PROBLEM STATEMENT
Leave the pictures aside and give back every entry below word for word.

** RECORDS FOR THE EXERCISE follows **

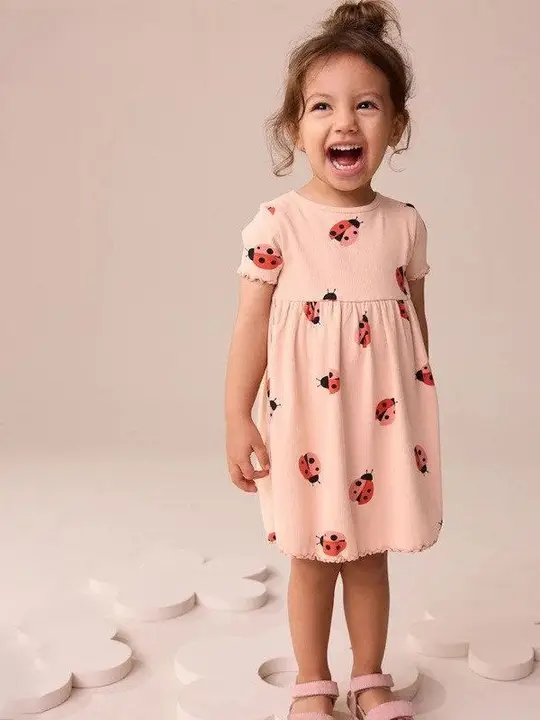ワンピース キッズ ガールズ 半袖 ラウンドネック かわいい 夏 「malwee」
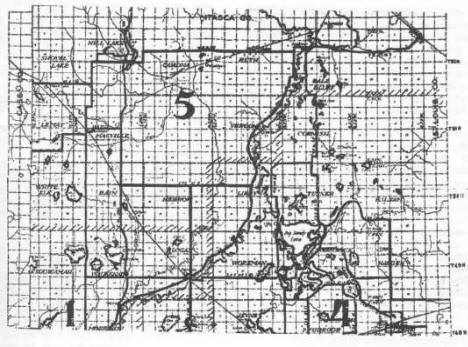 Early Map of Northern Aitkin County, 1920 - Courtesy of Aitkin County Land Department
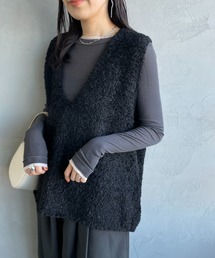 [mizuiro ind/ミズイロインド] ヘアリーヤーン ワイドシルエットニットベスト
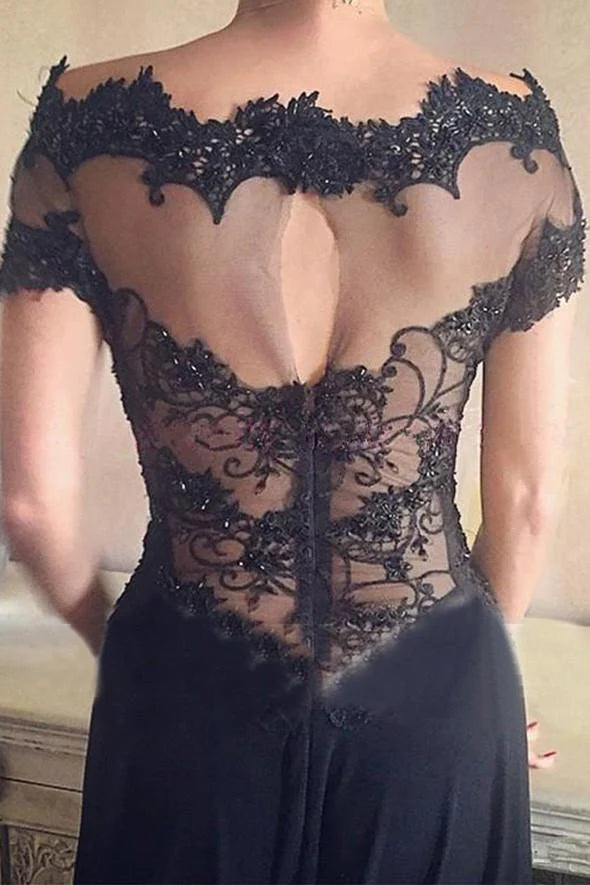 Close-up of the A-line off-shoulder prom dress, highlighting the beaded bodice and lace accents.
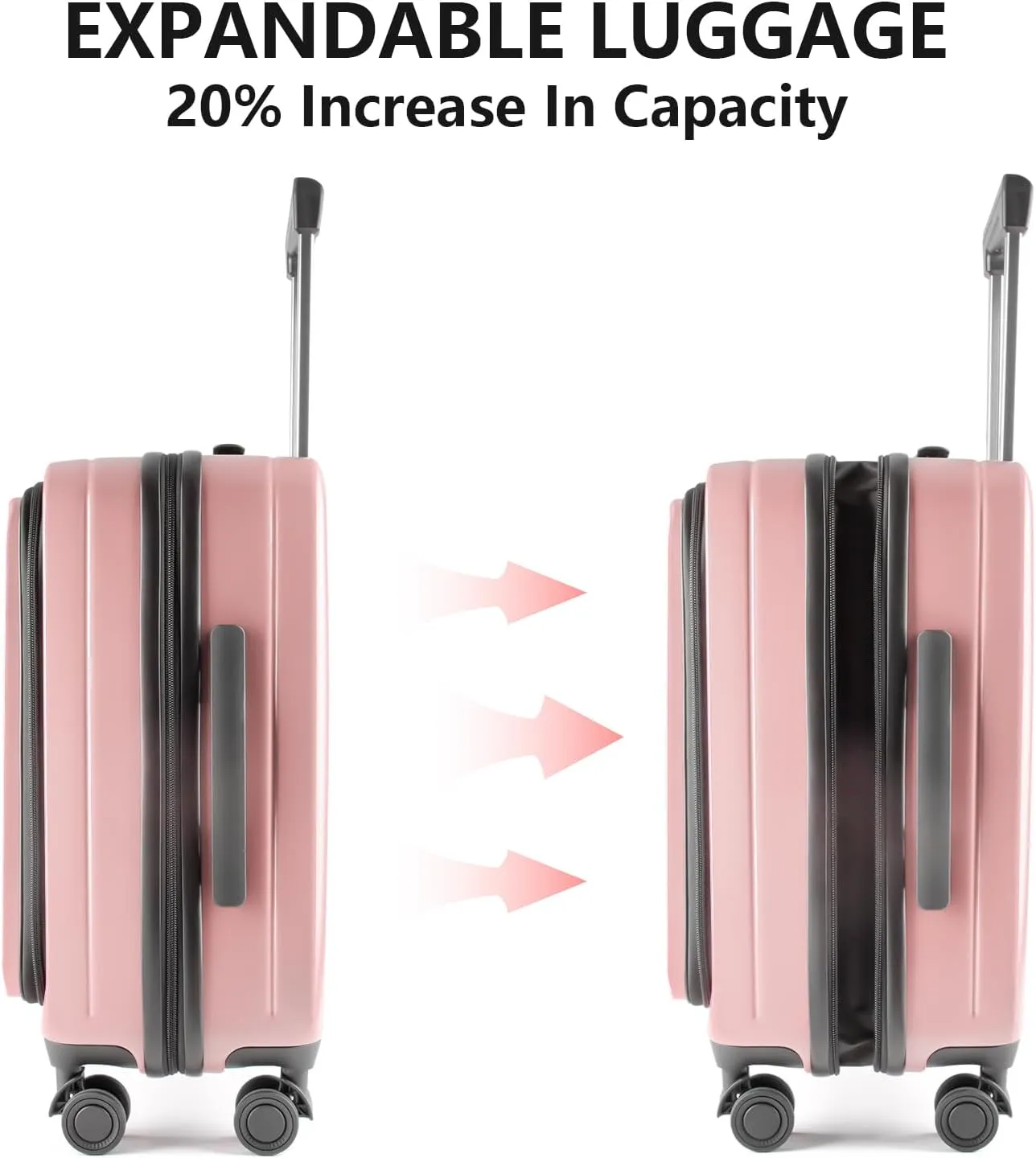 20-Inch Hardshell Carry-On Luggage with Front Compartment, 360-Degree Spinner Wheels, TSA Lock, Cup Holder & Bag Hook - Airline Approved Business Travel Suitcase (pink)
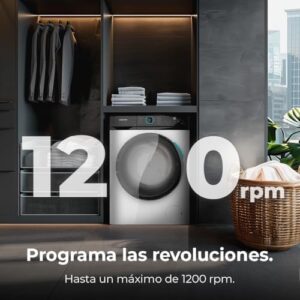 Cecotec Lavatrice a Carica Frontale 8Kg Bolero DressCode 8110 Inverter. 1200RPM, 11 Programmi, Basso Consumo, Motore Inverter Plus, Steam Max, Drum Clean, Rapido 15', Delay Start, KidLock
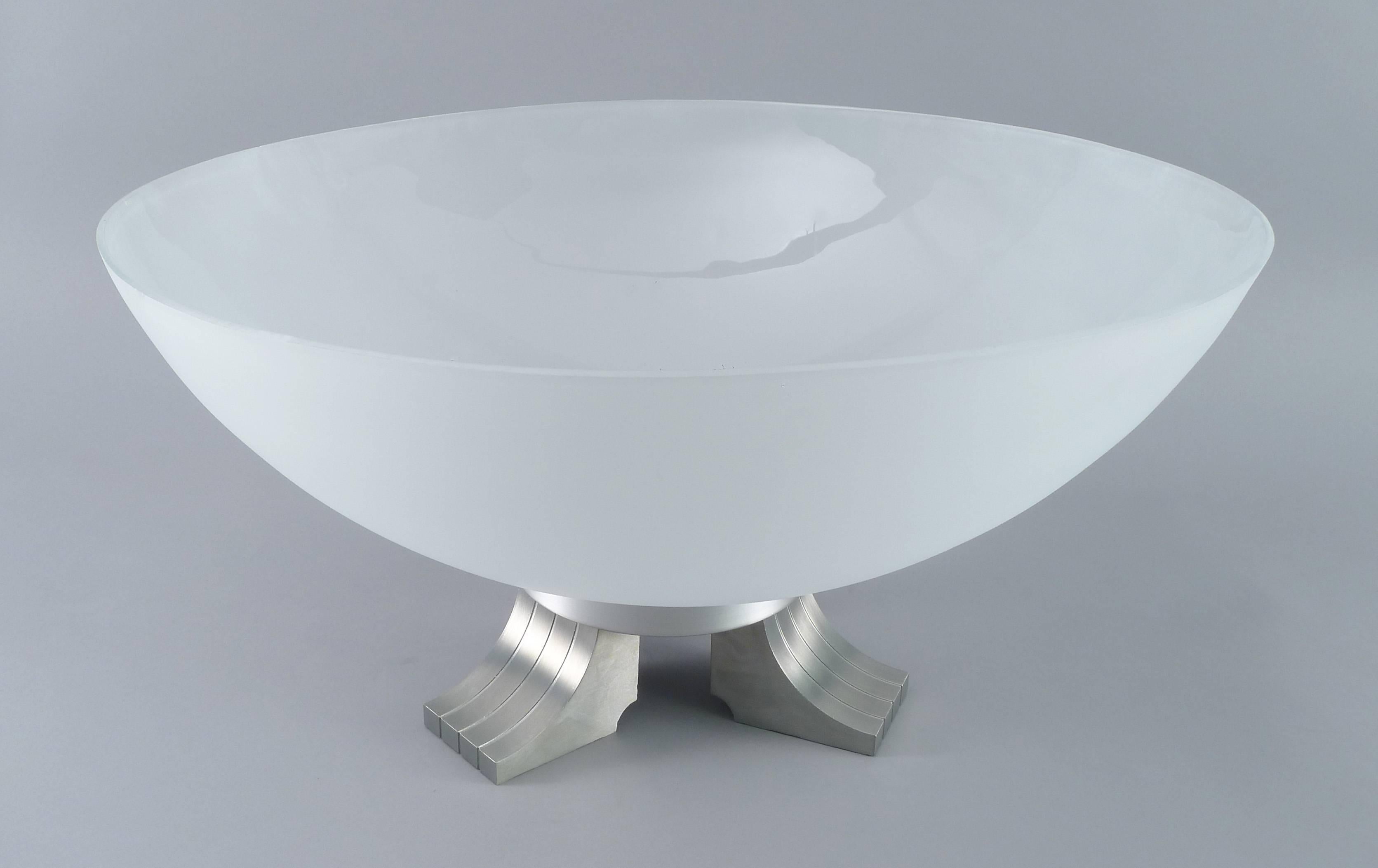 Art Deco Centerpiece Glass Bowl with Cast Nickel Base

** End of RECORDS FOR THE EXERCISE **

ANSWER BOX
ワンピース キッズ ガールズ 半袖 ラウンドネック かわいい 夏 「malwee」
 Early Map of Northern Aitkin County, 1920 - Courtesy of Aitkin County Land Department
 [mizuiro ind/ミズイロインド] ヘアリーヤーン ワイドシルエットニットベスト
 Close-up of the A-line off-shoulder prom dress, highlighting the beaded bodice and lace accents.
 20-Inch Hardshell Carry-On Luggage with Front Compartment, 360-Degree Spinner Wheels, TSA Lock, Cup Holder & Bag Hook - Airline Approved Business Travel Suitcase (pink)
 Cecotec Lavatrice a Carica Frontale 8Kg Bolero DressCode 8110 Inverter. 1200RPM, 11 Programmi, Basso Consumo, Motore Inverter Plus, Steam Max, Drum Clean, Rapido 15', Delay Start, KidLock
 Art Deco Centerpiece Glass Bowl with Cast Nickel Base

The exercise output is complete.